On this day in 1981, a Philadelphia cop Daniel Faulkner dead body is found lying on the street along with that of Mumia Abu-Jamal, a notable activist and independent journalist lying seriously injured close-by. A year later, Abu-Jamal was tried, found guilty of the murder and sentenced to death though many believed that the judgment was biased, and other activists challenged Abu-Jamal's imprisonment.
According to report, Abu-Jamal, who was a journalist with the National Public Radio, was fired because of his bluntness before he turned into a cab driver. While driving his taxi in the early hours of that fateful day, Abu-Jamal saw his brother fighting Faulkner on the street. According to evidence used during the trial, it was reported that Abu-Jamal interfered with a gun and exchanged shots with the police officer.
Judging from the way the trail began, many believed that it was unfair. The trial, which began on June 17, 1982, less than six months to the shooting, denied Abu-Jamal the privilege to attend most of the hearings because of the injury he sustained during the incident. In addition, the prosecutors made use of the situation surrounding the case to restrict the jury to only two blacks, while the white members were 10. This further confirmed to some observers that the judge Albert Sabo was unfair with the defendant. Abu-Jamal requested to speak for himself and permitted to do so, and he was compelled to have a court-selected lawyer as part of his own defense counsel, and was exempted from the voir dire because his questions to the jurors were somehow frightening the court claimed.
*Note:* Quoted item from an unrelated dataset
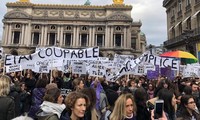 France : marche contre les violences faites aux femmes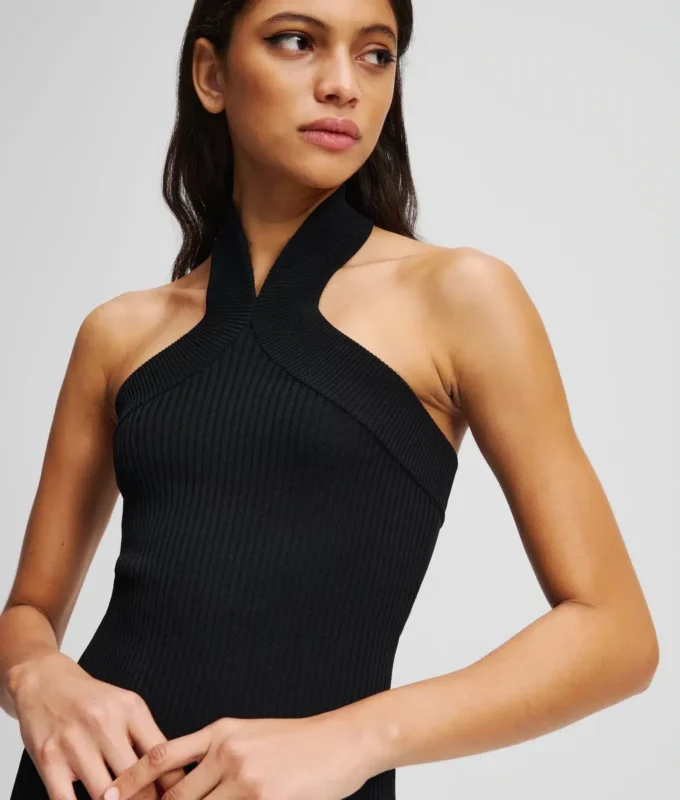 TOP DE PUNTO CON CUELLO HALTER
In the end, Abu-Jamal was found guilty of the crime and sentenced to death for first-degree murder. Many of the observers agreed that there is a possibility that Abu-Jamal was involved in Faulkner's death, but the ruling of the court was too harsh. During his time in prison, Abu-Jamal wrote several books and gave several radio talks supporting an end to racism, while also trying to lobby for another trial.
The authorities were heavily pressured to set Abu-Jamal free from his death sentence even though some believe him to be guilty of the offense. The mayor of New Jersey, several police associations and Faulkner's widow protested in January of 1999 a "Free Mumia" benefit concert, which featured Rage Against the Machine in New Jersey.